Vortex nucleation might be reached by various scenarios. In previous papers^{3,4} we analyzed magnetic structure of a magnetic dot with broken circular symmetry (Pac-man like nanodot) in slowly decreasing external magnetic field at zero temperature. The external field was decreasing until in-plane magnetic structure became unstable with respect to nucleation of out-of-plane local magnetization of the vortex state. We defined vortex nucleation field as the field when vortex core appears inside the PL-nanodot. This is a symmetry breaking process, because nucleated vortex core carries net out-of-plane magnetization called polarity. Polarity can have two possible orientations.

Presence of finite temperature makes the situation more complex. Local magnetization fluctuations induced by the temperature help overcome energy barrier of vortex nucleation at higher applied fields than in the case of zero temperature case. On the other hand higher temperature causes more vivid oscillations of the local moments, thus lowering mean value of saturation magnetization. This increase as well as decrease of the vortex nucleation field was indeed experimentally observed^{23}. The temperature induced vortex nucleation has stochastic nature and thus the statistical description is proper choice. The first approximation for the rate of vortex nucleation can be made by using the Arrhenius law. However, it is known that there are some deviations from the theory in the case of magnetic systems^{24}. This is because the Arrhenius law completely ignores the topology of the total energy surface (TES) in configuration space as well as any dynamical effects. The equation of motion for magnetic system is Landau-Lifshitz equation, a first order differential equation in time domain. Thus there is no “kinetic” energy, nor inertia. For this reason we use the term total energy surface (TES) instead of potential energy surface (PES) commonly used in Newtonian dynamics. It will be shown in the section “Analytical Toy-model”, that the TES topology is very important to properly describe vortex nucleation process.

In this paper all the numerical simulations of the vortex core nucleation process were done using micromagnetic simulations^{25}. The geometry of the PL nano-dot can be described as a disk with a missing sector. The outer diameter of nanodot is 70 nm and the thickness is 40 nm. The opening angle of cut-off sector is 45° and the depth of the cut is one third of the radius (see the Fig. 1). The symmetry group of PL nanodot is C_{2v}. The external magnetic field is applied only in *xy* plane. These facts guarantee equivalence of energies for magnetic structures with inverse *z* components (mirror symmetry σ_{z}).
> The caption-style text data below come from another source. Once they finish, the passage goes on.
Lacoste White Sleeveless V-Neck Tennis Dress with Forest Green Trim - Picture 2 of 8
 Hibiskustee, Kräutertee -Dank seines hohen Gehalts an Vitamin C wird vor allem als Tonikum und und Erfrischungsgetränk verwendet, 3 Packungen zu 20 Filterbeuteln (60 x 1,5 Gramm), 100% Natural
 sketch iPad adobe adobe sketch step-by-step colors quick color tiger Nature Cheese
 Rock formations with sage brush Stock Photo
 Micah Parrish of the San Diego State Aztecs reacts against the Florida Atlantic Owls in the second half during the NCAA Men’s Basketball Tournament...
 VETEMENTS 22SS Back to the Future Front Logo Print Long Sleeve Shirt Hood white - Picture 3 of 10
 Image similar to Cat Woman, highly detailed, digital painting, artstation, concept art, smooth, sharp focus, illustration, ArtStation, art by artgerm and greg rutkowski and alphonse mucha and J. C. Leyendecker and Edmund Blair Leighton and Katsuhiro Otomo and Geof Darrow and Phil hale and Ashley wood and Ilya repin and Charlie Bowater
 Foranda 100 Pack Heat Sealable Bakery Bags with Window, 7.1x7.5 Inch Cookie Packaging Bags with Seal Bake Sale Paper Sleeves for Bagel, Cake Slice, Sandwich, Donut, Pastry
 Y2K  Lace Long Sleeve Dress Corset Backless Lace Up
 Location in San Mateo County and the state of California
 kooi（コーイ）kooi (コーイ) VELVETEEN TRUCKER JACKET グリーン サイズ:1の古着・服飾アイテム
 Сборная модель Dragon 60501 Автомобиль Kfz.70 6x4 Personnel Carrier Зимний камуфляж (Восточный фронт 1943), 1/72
The vortex nucleation was obtained by following scenario: in-plane external magnetic field was slowly decreased to about 2 mT above the nucleation field at zero temperature. The magnetic structure was then relaxed to its metastable state without vortex by damped dynamics given by Landau-Lifshitz-Gilbert (LLG) equation. Then, the non-zero temperature was applied and the system was evolved until the magnetic vortex got nucleated. The time was measured starting from the moment when the non-zero temperature was turned on. Temperature effects were included into the LLG equation via Langevin-like stochastic term as described by Garcia-Palacios^{26} and implemented by Oliver Lemcke^{27}. We stress that external field was fixed during the simulation, so the dynamic effect described in our previous study^{4} did not play any role.

There are two qualitatively different kinds of magnetic states preceding the vortex state in slowly decreasing external magnetic field - *C*- and *S*-states - already identified earlier^{4,28}. Interval of the angles of the external field with respect to the symmetry axis of PL nanodot depends on the geometry and it was subject of our previous study^{28}. In this study only two particular angles were chosen as representative cases for the two kinds of initial magnetic configurations –60° for the *C*-state and 30° for the *S*-state (Fig. 2).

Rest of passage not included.